[Your instructions] Would you transcribe the listing that follows, character for character, and omit its images?

□ □ □

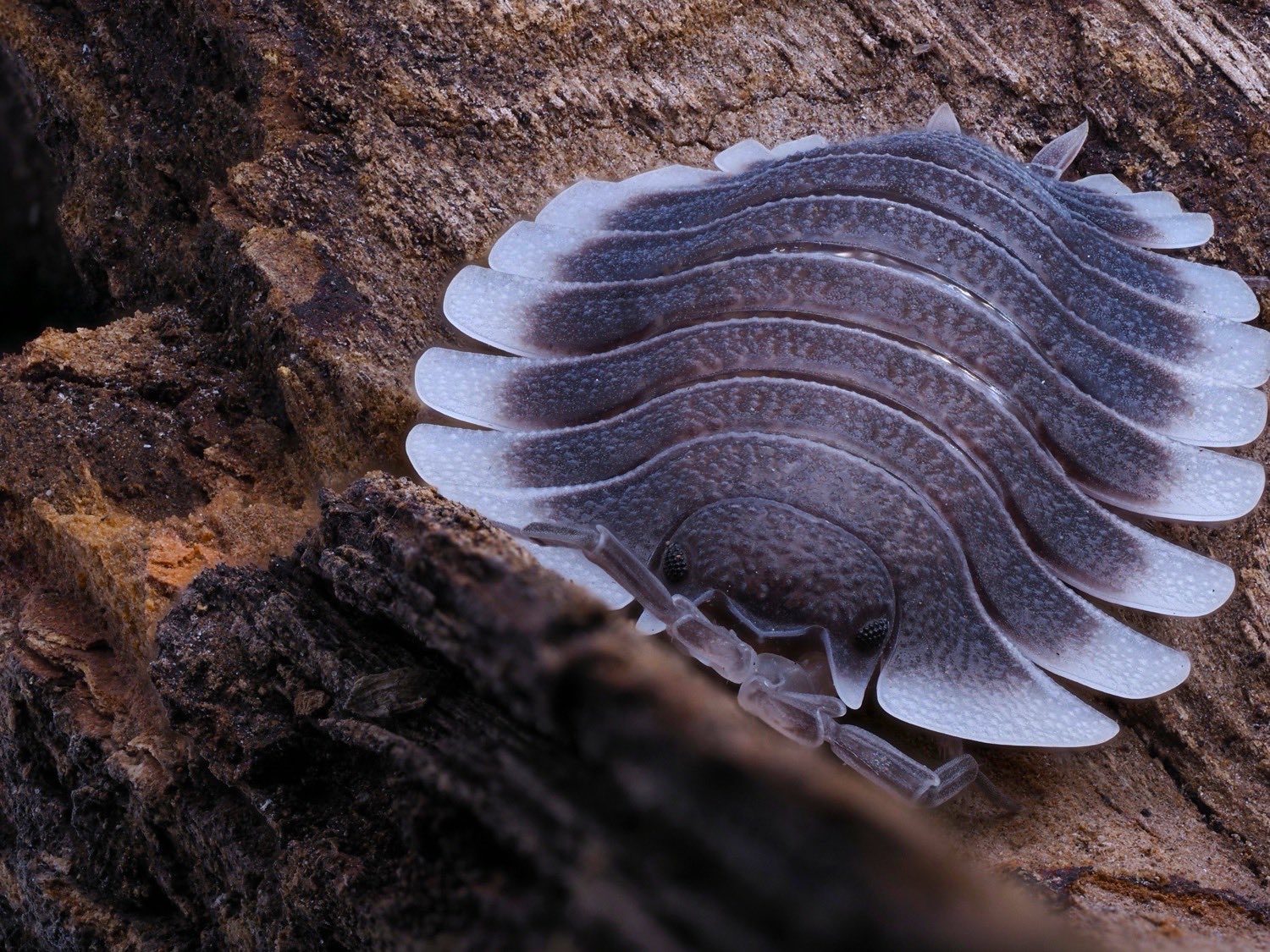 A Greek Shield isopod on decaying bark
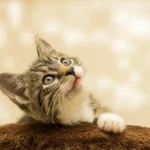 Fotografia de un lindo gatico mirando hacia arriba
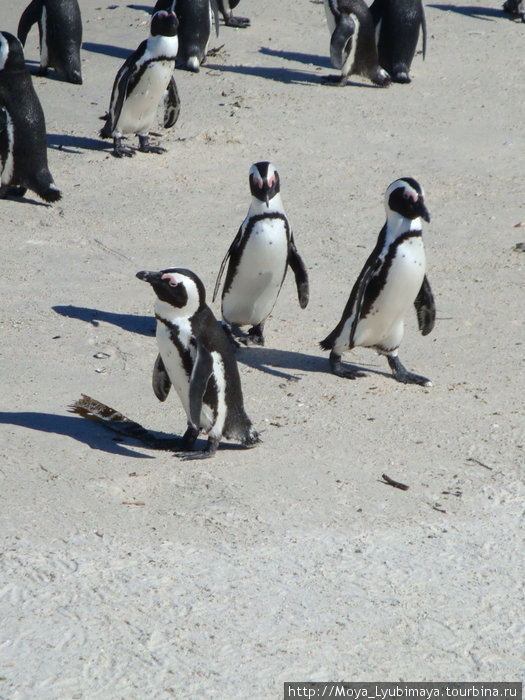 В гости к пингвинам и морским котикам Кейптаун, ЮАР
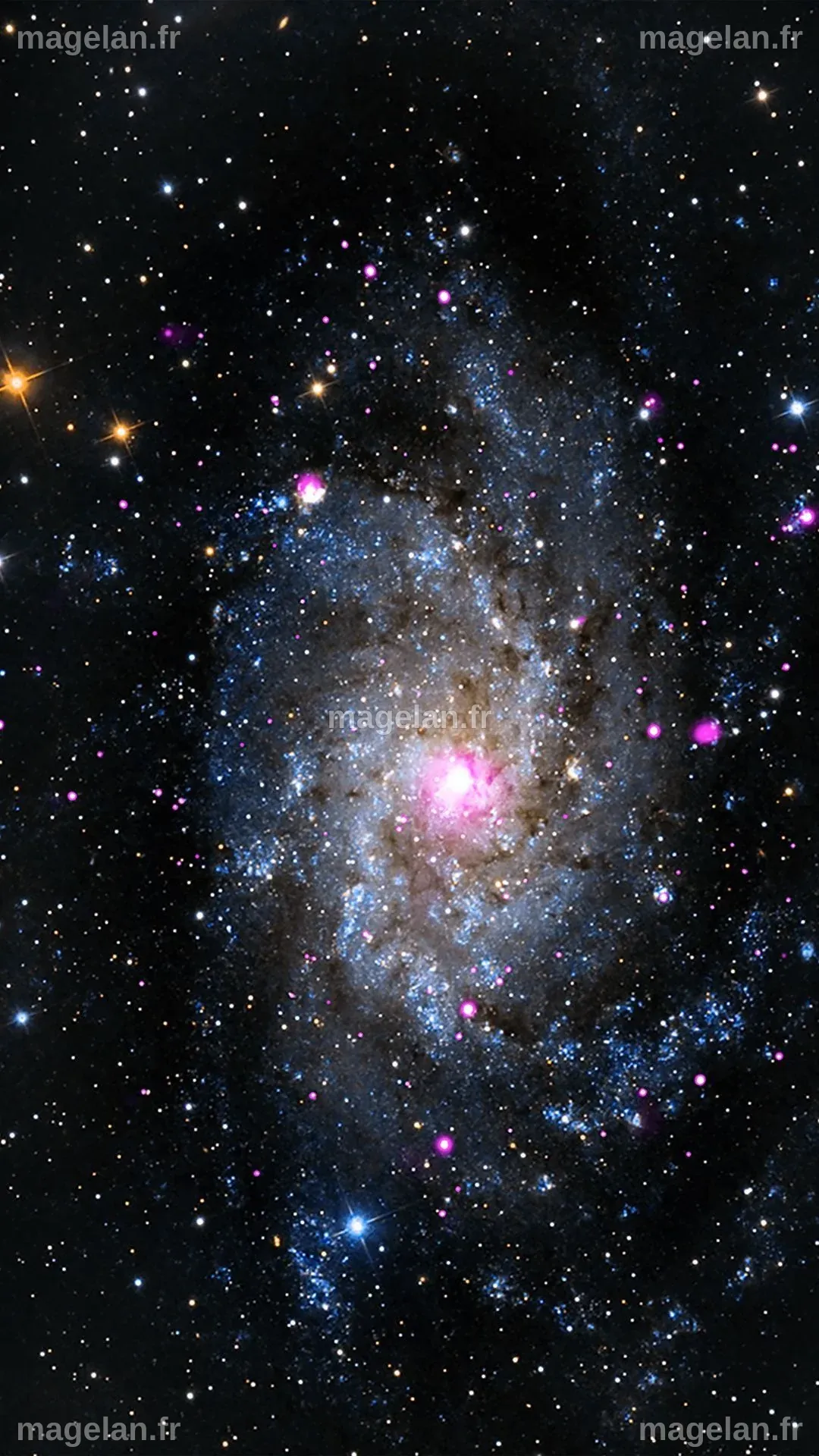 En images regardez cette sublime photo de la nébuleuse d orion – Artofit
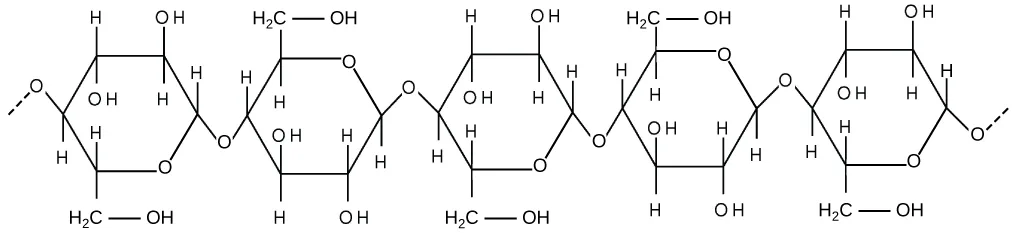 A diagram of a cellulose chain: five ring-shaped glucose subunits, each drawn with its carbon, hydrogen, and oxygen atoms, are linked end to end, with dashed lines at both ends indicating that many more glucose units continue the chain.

□ □ □

[Output for this task]
 A Greek Shield isopod on decaying bark
 Fotografia de un lindo gatico mirando hacia arriba
 В гости к пингвинам и морским котикам Кейптаун, ЮАР
 En images regardez cette sublime photo de la nébuleuse d orion – Artofit
 A diagram of a cellulose chain: five ring-shaped glucose subunits, each drawn with its carbon, hydrogen, and oxygen atoms, are linked end to end, with dashed lines at both ends indicating that many more glucose units continue the chain.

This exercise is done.